ORBEA WILD FS H25 2020 REVIEW

A REVIEW BY THE EVERYDAY BEARDED MTB MAN

What is your definition of wild?

For some, it may be the act of letting your eMTB take you into the wilderness, to new heights and new trails you never imagined you could conquer. For others, it might be a style of riding, getting sideways at full speed on demanding descents. I enjoyed both of these experiences, and more, whilst testing the new Orbea Wild FS.

There are nine new versions of the WILD FS line up and five off the shelf WILD FS-H 2020 models, the H10, H15, H20, H25, H30. Regardless of all those choices, each 2020 Orbea Wild FS-H is built up with the same Alloy mainframe, they all roll on 29 x 2.6in wheels and tyres, and they all run the latest generation 4 Bosch motor, with internal battery.
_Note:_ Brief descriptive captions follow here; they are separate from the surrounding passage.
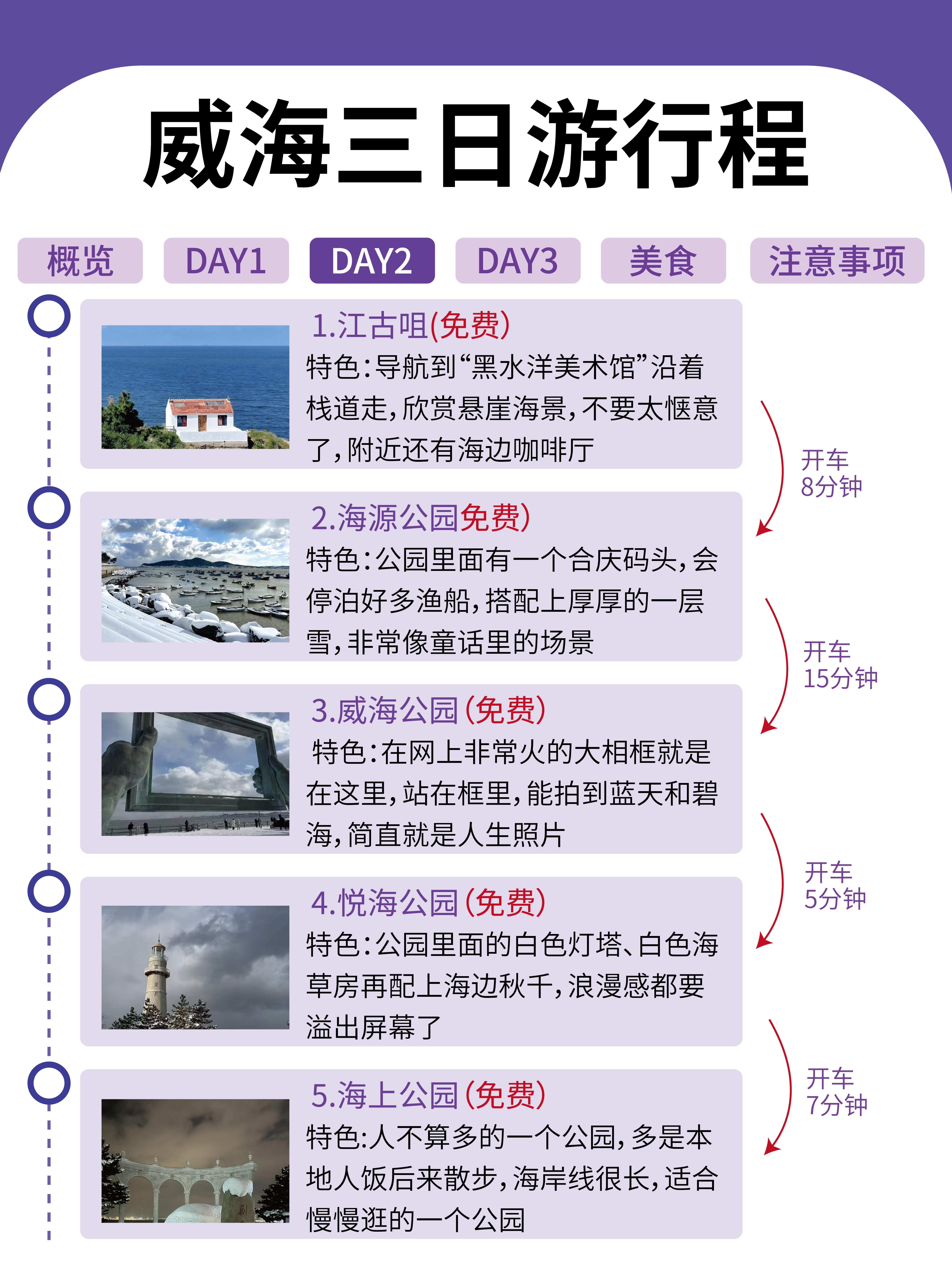 威海旅游攻略，三天自由行的完美行程，威海三天自由行旅游攻略，完美行程指南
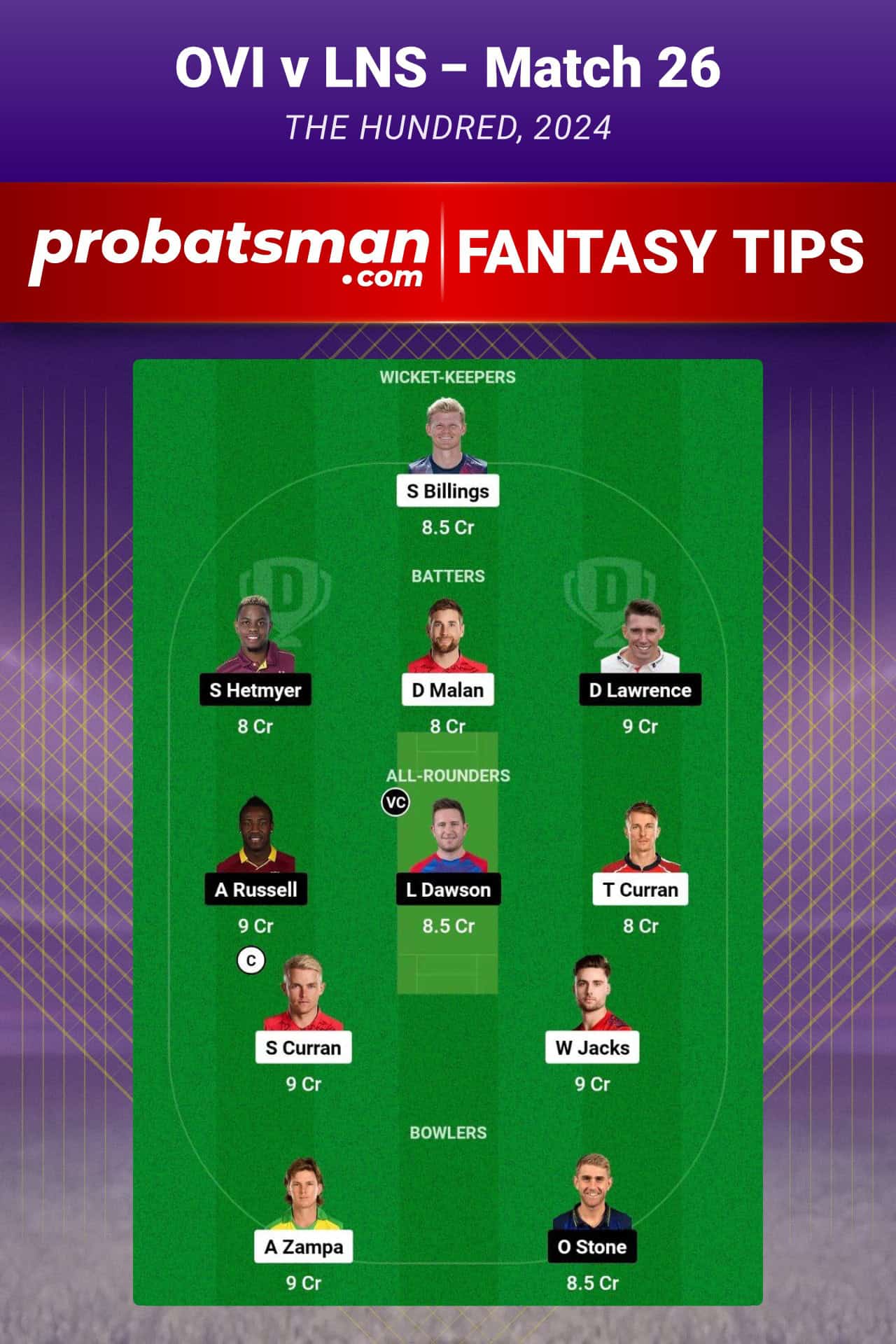 OVI vs LNS Dream11 Prediction For Match 26 of The Hundred 2024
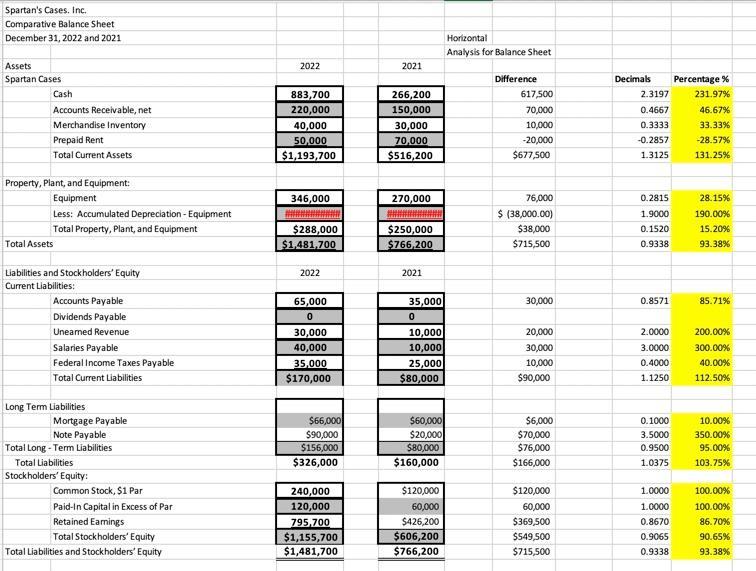 Spartans Cases. Inc. Comparative Balance Sheet December 31, 2022 and 2021 Horizontal Analysis for Balance Sheet Assets Spart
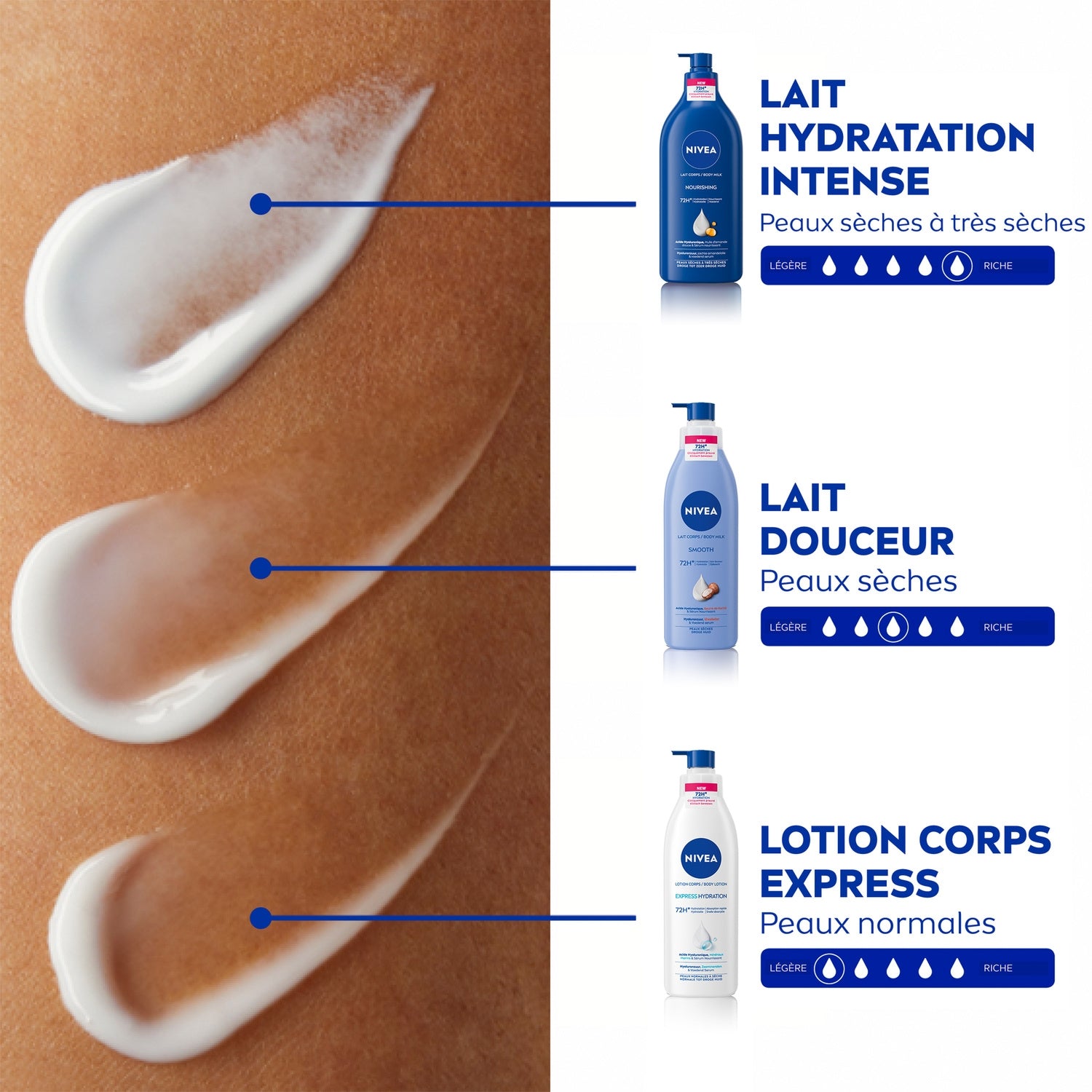 Lait Corps Peau Sèche à Très Sèche 72h Acide Hyaluronique Beurre de Karité et Sérum Nourrissant NIVEA 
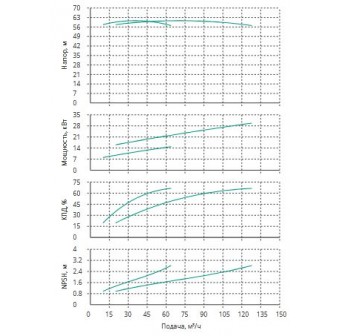 Установка Wilo CO 2 BL 50/210-15/2/SK-FFS-R-CS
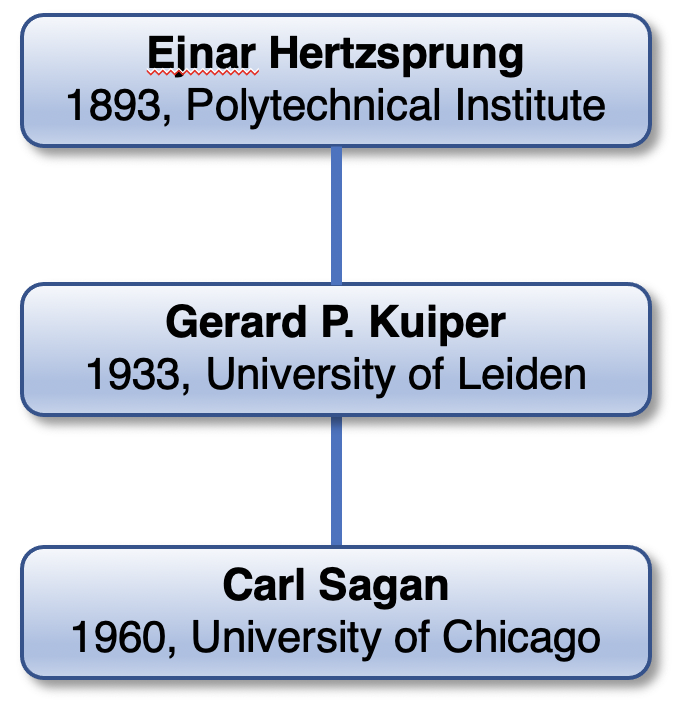 Carl Sagan Astronomical Genealogy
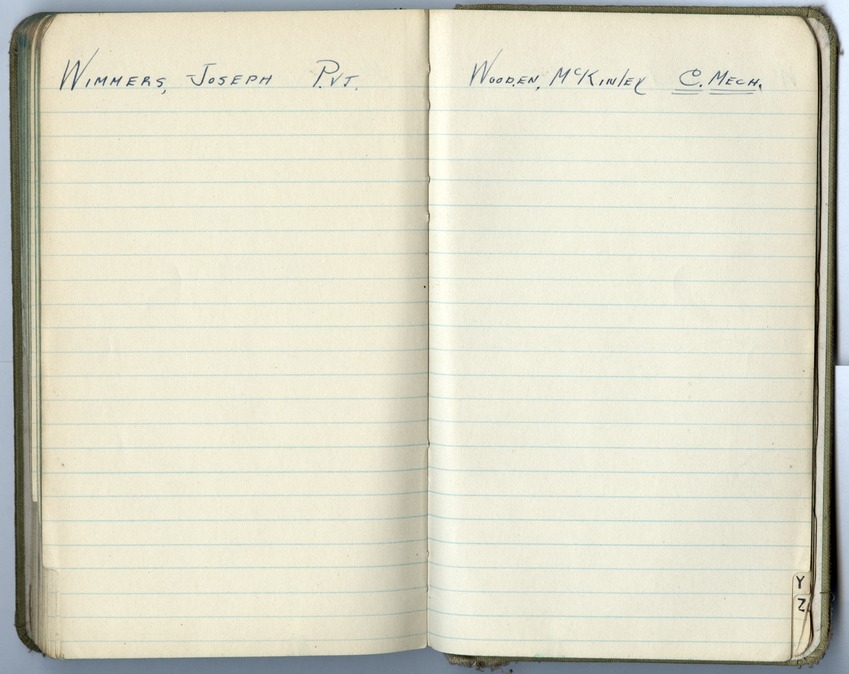 Battalion Commander's Roster and Reference Book Battery D, 129th Field Artillery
The only real difference between the five are the increase in front shock and rim quality. But even the lower end of the selection, the H30, has some very tasty fixtures. Lots of people who have reviewed the top spec models have moaned about the rear shock set up so we’ll be taking a look at the other end of the spectrum, the H25 to be precise.

Right so lets get to it, I took the H25 out for a test at some local trails. I wanted to see it perform on the uphills, technical terrain and the downhills. So I knew just the place, we headed to the outskirts of an MOD Tank training grounds in Bordon, Hampshire. What better place to test the bike than the same place the MOD test their toys too. 

This tasty little area has some fun single track routes, jumps, burms, gully runs and flat out pin it sections along with climbs from easy to stupidly steep. What was very surprising is the Orbea ate it up. It was only the operator that let it down, on occasions.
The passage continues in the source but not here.